Aż trzy czwarte badanych pracowników ocenia, że pensja wystarcza im na mniej wydatków niż przed rokiem i to pomimo tego, że większość z nich (ok. 60 proc.) dostała w ciągu ostatniego roku podwyżkę - wynika z najnowszego sondażu portalu Pracuj.pl, który w marcu b.r. objął prawie 1,5 tys. osób. Tylko 39 proc. z nich jest zadowolonych z wysokości swojego wynagrodzenia, z czego jedynie 5 proc. deklaruje zdecydowane zadowolenie.

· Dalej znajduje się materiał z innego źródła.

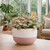 Hortus Pink & White Stoneware Pot (12cm H x 17cm Dia)
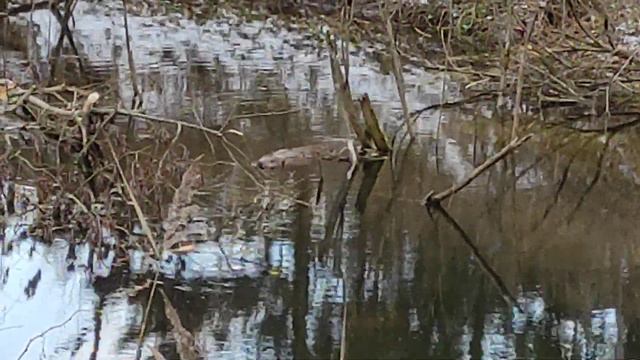 #Бобёр смотреть онлайн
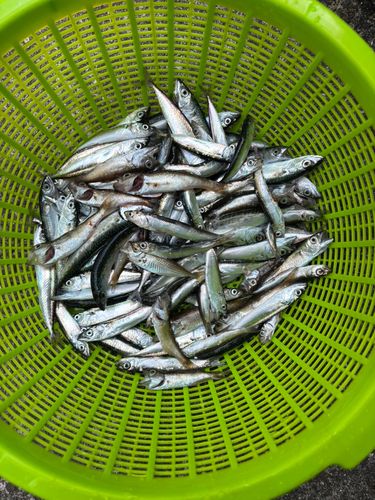 サバの釣果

Pozostali nie kryją, że głównym powodem niezadowolenia jest wzrost kosztów życia przy braku wzrostu wynagrodzenia. Zaledwie 17 proc. z tych, którzy dostali podwyżkę, wskazuje, że ich wynagrodzenie wzrosło w sposób, który rekompensuje inflację. Wprawdzie średnia płaca w sektorze przedsiębiorstw rośnie w dwucyfrowym tempie, lecz od października zeszłego roku inflacja „zjada” jej nominalny wzrost. I nawet jeśli w marcu, jak szacuje GUS, tempo wzrostu cen spadło do 16,2 proc. (z 18,4 proc. w lutym), to i tak mocno uderza w domowe budżety.
Znajomy zarabia więcej
Jednak powodów do naszego niezadowolenia z zarobków jest więcej. Wśród nich jest wskazywane przez 25 proc. badanych zwiększenie obowiązków zawodowych bez wzrost wynagrodzenia, a także świadomość - co piątej osoby - że jej znajomi zarabiają więcej.
Jak wynika z badania Pracuj.pl, pracownicy reagują na wzrost kosztów życia zaciskaniem pasa i staraniami o „inflacyjną” podwyżkę. Połowa badanych starała się o nią w ostatnich 12 miesięcy właśnie z uwagi na inflację. Większość zrobiła to z powodzeniem, lecz 36 proc. spotkało się z odmową.